Mr Landschreiber, Corestate’s chief investment officer, says he was impressed by the building and by Liverpool.
He said: “If you’re doing real estate for a number of years the usual model is that 95% of the buildings that you have to deal with are, let’s say, normal or newly-erected buildings which could be replicated anywhere.
“But sometimes you say ‘what a crazy and unique building which you’d never build again in this life’.
“This is a quite exceptional building.
“When I saw it for the first time I was really impressed. The I read about the history and that this was the first time this building was on the market. “We are really proud now that we won that process and will become the owner.”
And he added: “The next step is to invest money and get tenants for the vacant space where we see a huge opportunity for Liverpool at the moment.”
As one of the UK’s most famous addresses, the building has attracted some big-name tenants.
International food giant Princes has its headquarters there, as does £50bn pension fund the Universities Superannuation Scheme. Other firms with offices in the building include HSBC and accountancy firm Grant Thornton.
Mr Landschreiber says there is a shortage of top-quality office space in Liverpool and that the new Royal Liver Building space can meet that demand.
He said: “The plan is to invest a significant amount of money to refurbish that vacant space then take it back to the market to try to attract new tenants and get it fully let.”
Asked how much Corestate planned to spend, he said it would be “no more than 12% of the purchase price”, meaning up to £5.8m.
The sale was led by estate agent CBRE. Its executive director Colin Thomasson said: “It is rare to see an asset like the Royal Liver Building come to market and advising on this sale has been a huge privilege.
“As we anticipated, the property attracted significant interest from investors across the world and we are delighted to have concluded the sale with Corestate.
“Liverpool is experiencing a resurgence, with significant activity across the city, and this investment from a respected international investor is yet another sign of confidence in the future of the city of Liverpool.”
Stephanie Hacking, Fund Manager at Royal London Asset Management, said: “It has been a huge honour to be involved in the sale of the Royal Liver Building.
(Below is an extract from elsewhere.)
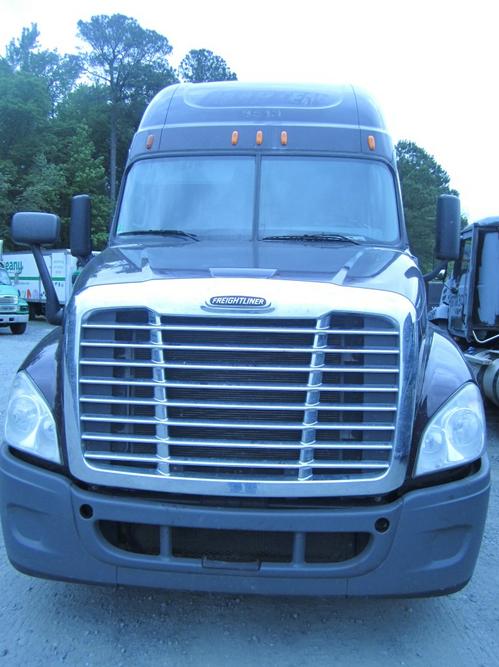 FREIGHTLINER CASCADIA 125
It is a unique property with a tremendous history and prestige.
“We were delighted to have received such considerable interest in the asset and very pleased to have concluded the sale to Corestate who will no doubt be proud owners going forward.”
Everton majority shareholder Farhad Moshiri has jointly bought the Royal Liver Building and its world-famous rooftop Liver Birds.
And the billionaire behind Everton’s new stadium plans says the deal for the city’s best-known building shows his pride in Liverpool as a “thriving international city”.
The world-famous building was sold for £48m in February to a consortium led by international property group Corestate.
Now the ECHO can reveal that Mr Moshiri, who bought his stake in Everton a year ago, was Corestate’s partner in the deal.
It was the first time the building had changed hands since it was built in 1911.
Whenever he visits his new waterfront property, Mr Moshiri will be able to look downriver towards Bramley Moore Dock where Everton hope to build a £300m stadium .
Corestate had already vowed to invest millions in the Royal Liver Building to attract new office tenants, as Liverpool is lacking in the top-class “Grade A” offices it needs to attract new businesses and jobs .
And Mr Moshiri says he is proud of the potential of the building and the city.
He told the ECHO: “I am delighted to have jointly acquired the Royal Liver Building, which is a world-class property in a bustling riverfront location.
“Following my investment in Everton last year, I am confident in the prospects for Liverpool as a thriving international city and am pleased that I have been able to make this investment in such a landmark building with potential for further improvement.”
The Royal Liver Building opened in 1911 as the home of Royal Liver Assurance. In 2011 Royal Liver was taken over by larger rival Royal London, which put the building up for sale last year.
Speaking to the ECHO in February to announce the deal, Corestate founder Thomas Landschreiber described the building as “crazy and unique”.
And he said: “The next step is to invest money and get tenants for the vacant space where we see a huge opportunity for Liverpool at the moment.”